Un hélicoptère de la présidence iranienne a été impliqué ce dimanche 19 mai dans un « accident » dans le nord-ouest du pays. L’incertitude règne quant au sort du président Ebrahim Raïssi, qui était accompagné, entre autres, du ministre des Affaires étrangères, ont rapporté des médias officiels. Le Guide suprême iranien, l’ayatollah Ali Khamenei, a appelé les Iraniens à « ne pas s’inquiéter » pour le pays. Les recherches se poursuivent pour retrouver l’hélicoptère du président Raïssi, victime de l’accident.

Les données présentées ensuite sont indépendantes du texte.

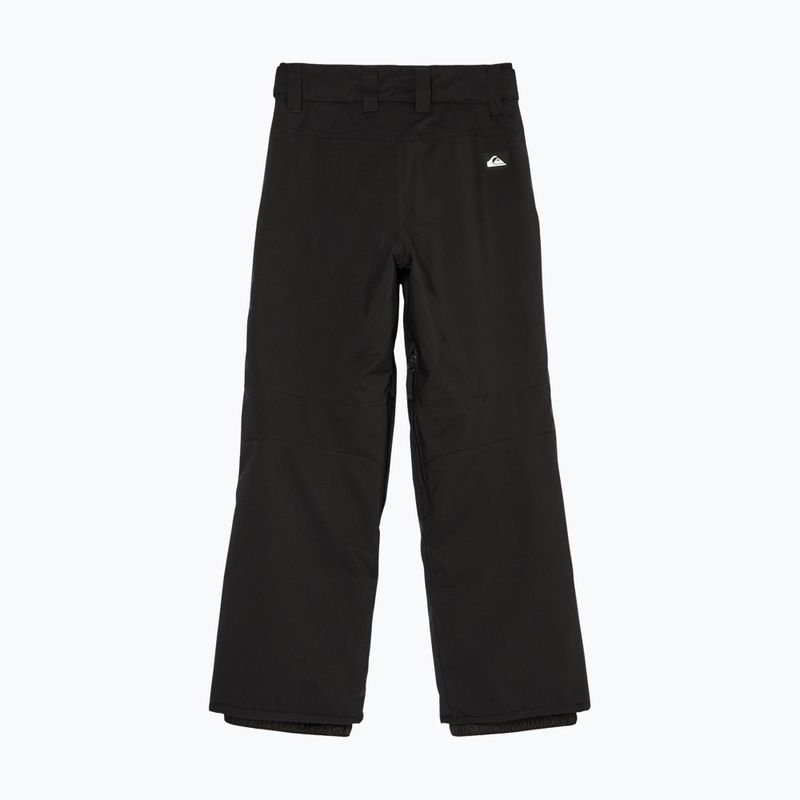Detské snowboardové nohavice Quiksilver Estate black 7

« Il n’y aura pas de perturbation » pour le pays, a déclaré l’ayatollah Khamenei, ajoutant qu’il espérait que « Dieu ramènera le président et ses compagnons dans les bras de la nation ». Il a exhorté la population à prier pour la santé des disparus lors d’un discours devant des familles de membres des Gardiens de la révolution.
Un atterrissage brutal
L’accident d’hélicoptère a été annoncé en fin d’après-midi. « Certaines informations non confirmées indiquent que l’hélicoptère transportant le président Raïssi aurait eu un accident dans la province de l’Azerbaïdjan oriental », a indiqué la télévision d’État iranienne. Des opérations étaient en cours pour le localiser, malgré des conditions météorologiques difficiles. L’agence de presse officielle IRNA a confirmé que le président Raïssi et le ministre des Affaires étrangères, Hossein Amir-Abdollahian, étaient à bord de l’appareil.
L’accident s’est produit dans une zone montagneuse, à 100 kilomètres de Tabriz, dans le nord-ouest de l’Iran. Raïssi était en visite dans la province de l’Azerbaïdjan oriental, où il avait inauguré un barrage en compagnie du président de l’Azerbaïdjan, Ilham Aliev, à la frontière entre les deux pays.
Le ministre de l’Intérieur, Ahmed Vahidi, a mentionné un « atterrissage brutal » de l’hélicoptère, sans fournir de détails supplémentaires. Il a ajouté que « cela peut prendre du temps pour atteindre la zone de l’hélicoptère », située dans la forêt de Dizmar, près de Varzaghan. Trois hélicoptères transportaient la délégation présidentielle. Deux ont atterri sans encombre à Tabriz, mais pas celui transportant Ebrahim Raïssi.
Des recherches intensives et des prières pour Raïssi
La gravité de la situation a conduit plusieurs ministres à se rendre à Tabriz pour superviser les opérations de secours. Le chef d’état-major des forces armées a également annoncé la mobilisation de tous les moyens de l’armée et des Gardiens de la révolution pour retrouver l’hélicoptère. Une quarantaine d’équipes de recherche tentent de retrouver la carcasse de l’appareil. L’Azerbaïdjan, l’Irak et l’Arabie saoudite ont proposé leur aide dans les opérations de recherche et de sauvetage. L’Union européenne a activé son service de cartographie pour aider à localiser l’hélicoptère. Le président turc Recep Tayyip Erdogan a exprimé sa profonde tristesse et sa volonté de soutenir l’Iran.
La télévision iranienne montre des images de pèlerins priant pour le président dans différentes villes du pays. Des appels à la prière ont été lancés à l’échelle nationale.
Dans la soirée, l’espoir de retrouver des survivants diminuait. Le ton des médias iraniens et des officiels laissait peu d’espoir quant à la survie des passagers de l’hélicoptère.
Ebrahim Raïssi, un ayatollah de 63 ans, est président depuis juin 2021, succédant au modéré Hassan Rohani. Le président est le second personnage de l’État après le Guide suprême. En cas de décès, de nouvelles élections doivent être organisées dans un délai de deux mois. Pour l’instant, des informations officielles sur le crash sont attendues.